Essentially, all political parties, except for the Democratic Alliance (DA) and one or two smaller others, voted in favour of a policy that gives government the power to seize land and property rights from individuals and families.

The argument put forward by the supporters of this policy is, of course, centred on the historical dispossession of many black South Africans of their property rights and land; first under colonial rule, then through racist apartheid legislation.

Let me be clear from the outset: the act of redressing this legacy by implementing a rational and legal process of land restitution is wholly justified. Indeed, I am in full support of a rational and moral process, founded on the rule-of-law and due process, for assessing valid land claims.

If the claim is proven to be valid through an evidence-driven process, then the beneficiary must have the option of reclaiming the land or accepting financial compensation for their loss. In the same breath, the individual set to give back the land should also be compensated for their loss, provided they didn’t use any measure of force to illegally claim that land.

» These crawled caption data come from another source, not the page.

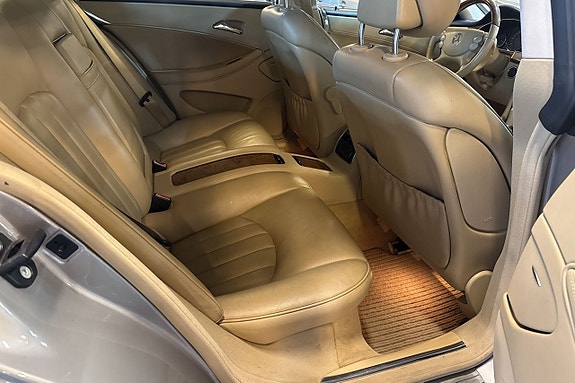 Mercedes-Benz CLS350 14 of 15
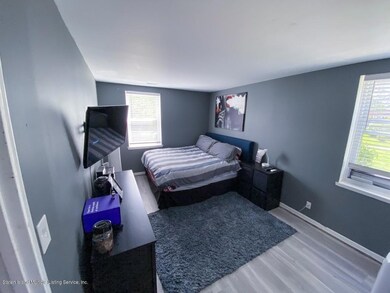 924 Armstrong Ave unit 1-3, Staten Island, NY 10308 - photo 4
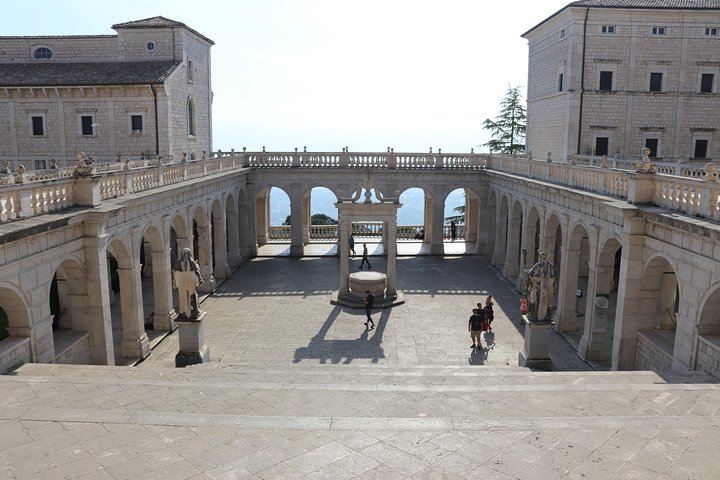 amalfi-tour-campania-cassino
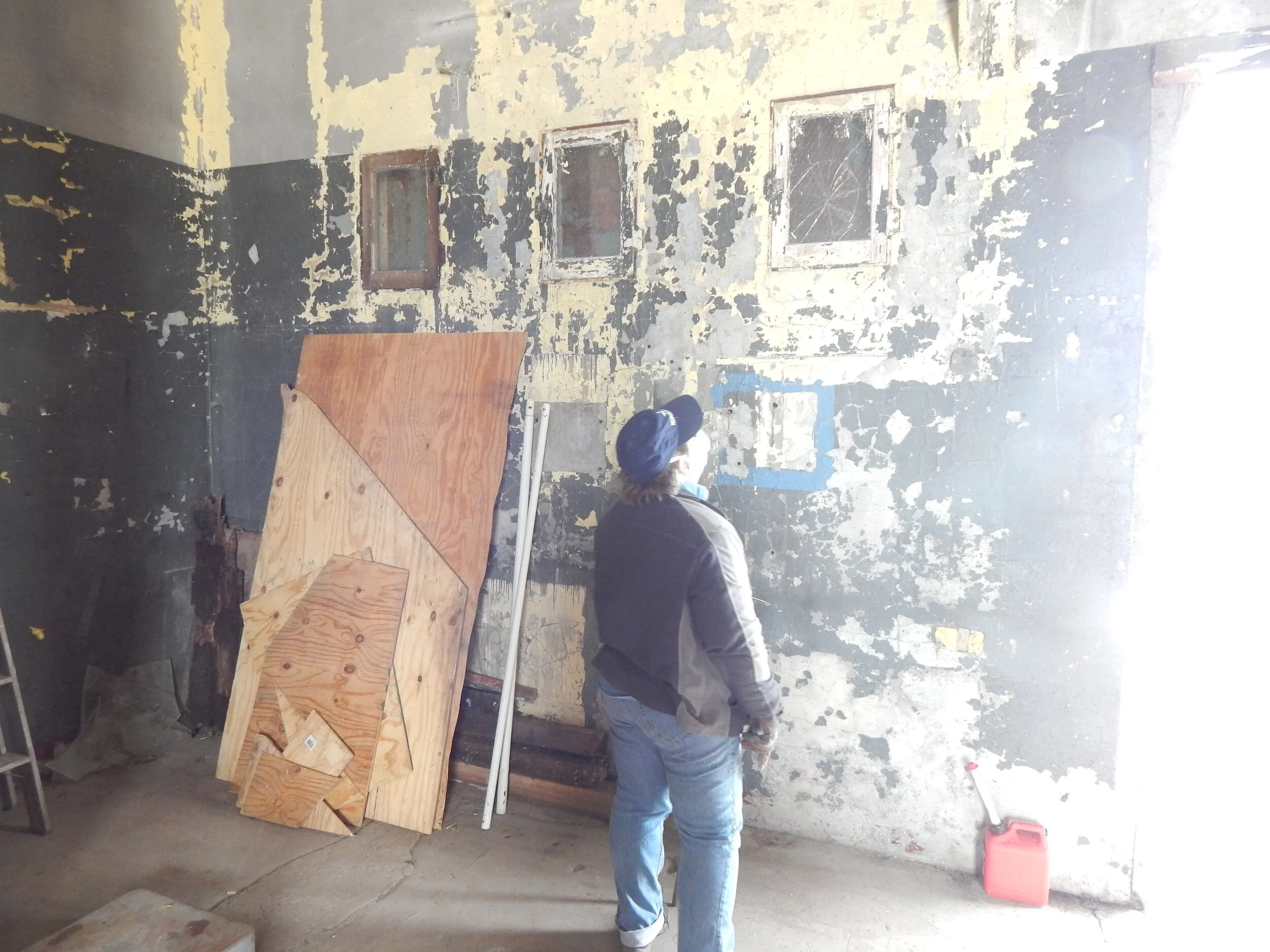 Observing shattered windows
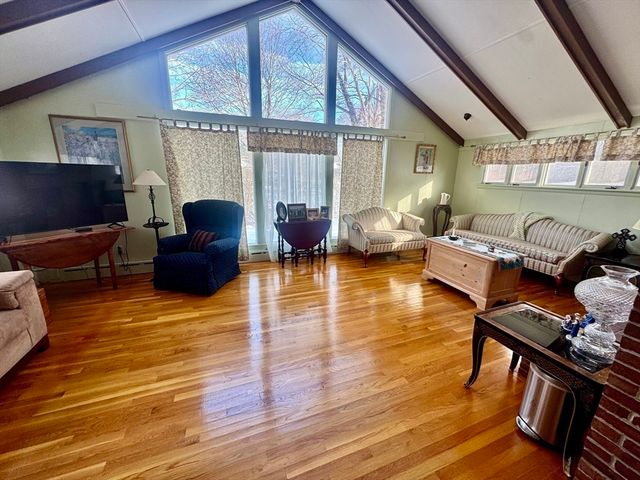 49 Whittier Dr, Scituate, MA 02066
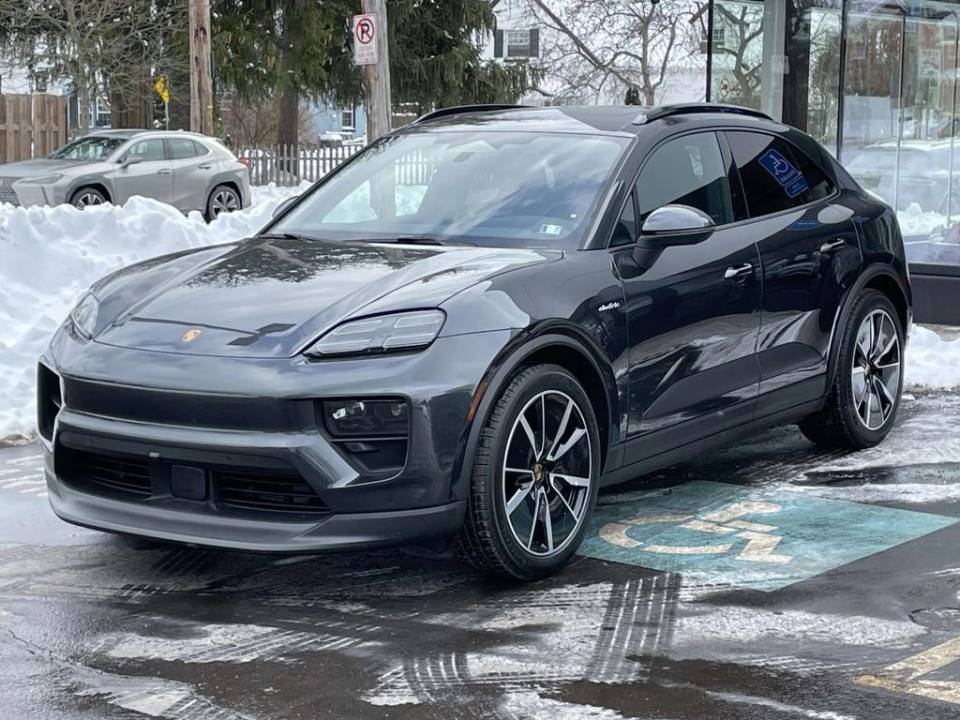 2024 Porsche Macan Base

Ultimately, it was the State, whether through the guise of colonialism or apartheid that was responsible for the dispossession of citizens in the first place. It is that same State today (albeit governed by a democratically elected party) which must act to redress its past mistakes and actions.

My approach is a just and sound policy, as where all parties find mediation and resolution.

This is why I cannot bring myself to agree with the EFF approach of land expropriation, which disturbingly calls for complete state ownership of all land.

Julius Malema is a forked-tongue politician. At Parliament’s podium and at his public rallies he shouts that the land “must be returned to our people”. He does not, however, tell the public, and specifically the black people he claims to trade for, that his approach entails dispossessing them too of whatever meagre property they have.

On this matter the record of history is absolutely crystal clear: the State owning something on behalf of the people does not translate to the people owning or enjoying the utility of that good.

It is this intellectual dishonesty and effort to undermine the intent and spirit of section 25 of the Constitution which makes the EFF very dangerous. While Malema talks of targeting “white land thieves” to “benefit landless blacks”, in reality the EFF is giving government the power to steal property from families, rich and poor.

I’ve yet to get an answer from Malema and his acolytes on how it is “pro-black” to demand that blacks become landless and permanent renters of land from the State, as is proposed in Point 2 of the EFF Land Policy.

It would seem that land expropriation without compensation and the State owning all land is a crude attempt by socialists to take away land from everybody, including black people. This policy is nothing short of theft and is the stuff of the economically illiterate.

A government owning land on behalf of blacks (or any citizen really), as is EFF policy, is immoral and patronising. It is anti-black and anti-poor!

Sadly, we’ve seen this show before on the continent, from Julius Nyerere’s disastrous Ujamaa policy in the 1960s, to Idi Amin’s expropriation without compensation of mostly Indian merchants land and businesses in 1972, to the collapse of our Zimbabwean neighbours after the wave of land grabs unleashed by Robert Mugabe and his ZANU-PF in the early 2000s.

Land Expropriation without compensation and the socialism which underpins it has been the killer of African aspirations for prosperity and development.

Most depressingly, and what the politicians don’t tell you, is that these measures kill the aspirations of black families looking to OWN land and have property rights, just as the colonialist and apartheid systems did.

There is nothing to celebrate here. Troubled times lay ahead for us South Africans, as our liberty is at stake. For far too long South Africans of all races have had to give up one freedom and liberty after another, at the hands of statist and socialist politicians.

Government should be a tool for empowering families and communities and enhancing their liberty, not making them dependents. I don’t see how taking our land without compensation and making us renters of the land of our birth is pro-South Africa, do you?

– Ngobese is spokesperson for the Western Cape department of social development. He writes in his personal capacity.